_EXCERPTED RECORDS_.
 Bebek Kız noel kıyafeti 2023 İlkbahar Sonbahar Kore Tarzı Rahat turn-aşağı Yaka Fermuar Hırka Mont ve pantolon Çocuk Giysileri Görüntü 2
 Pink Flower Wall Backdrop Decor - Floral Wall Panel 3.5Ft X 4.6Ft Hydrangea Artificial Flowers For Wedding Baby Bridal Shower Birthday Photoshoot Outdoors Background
...
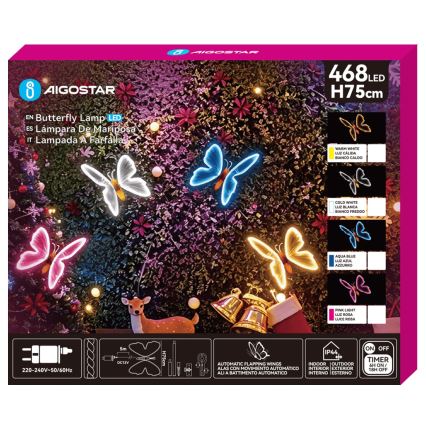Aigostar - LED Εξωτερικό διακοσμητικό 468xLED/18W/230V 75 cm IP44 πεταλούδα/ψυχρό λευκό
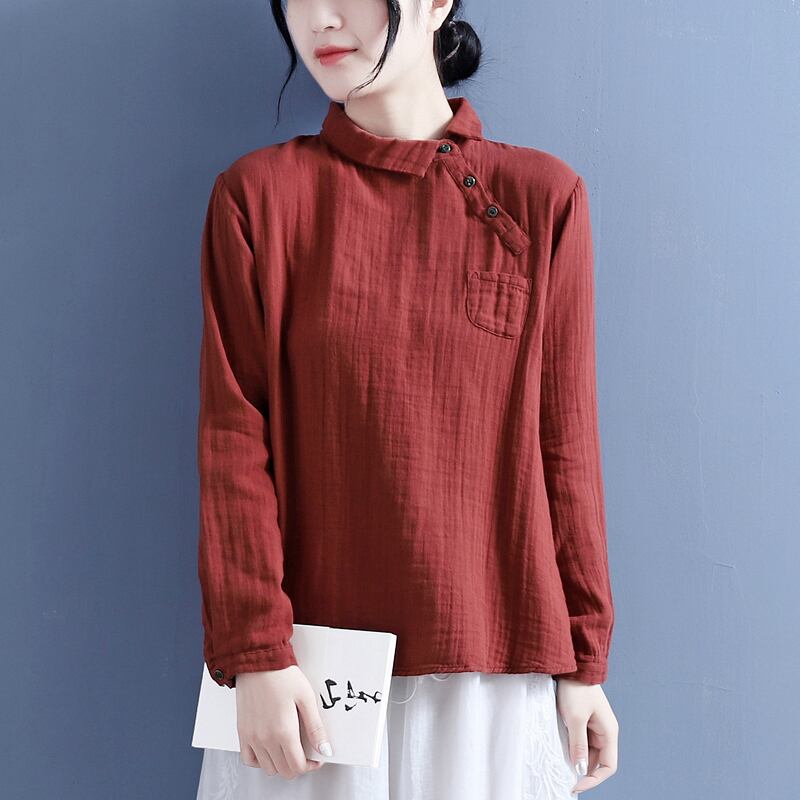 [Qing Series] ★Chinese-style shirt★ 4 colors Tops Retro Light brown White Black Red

_REQUIREMENT_. I'd like the lines above repeated exactly, from the one that contains "Aigostar - LED" through the one that contains "[Qing Series] ★Chinese-style", with no pictures.

_EXPECTED ANSWER_.
Aigostar - LED Εξωτερικό διακοσμητικό 468xLED/18W/230V 75 cm IP44 πεταλούδα/ψυχρό λευκό
 [Qing Series] ★Chinese-style shirt★ 4 colors Tops Retro Light brown White Black Red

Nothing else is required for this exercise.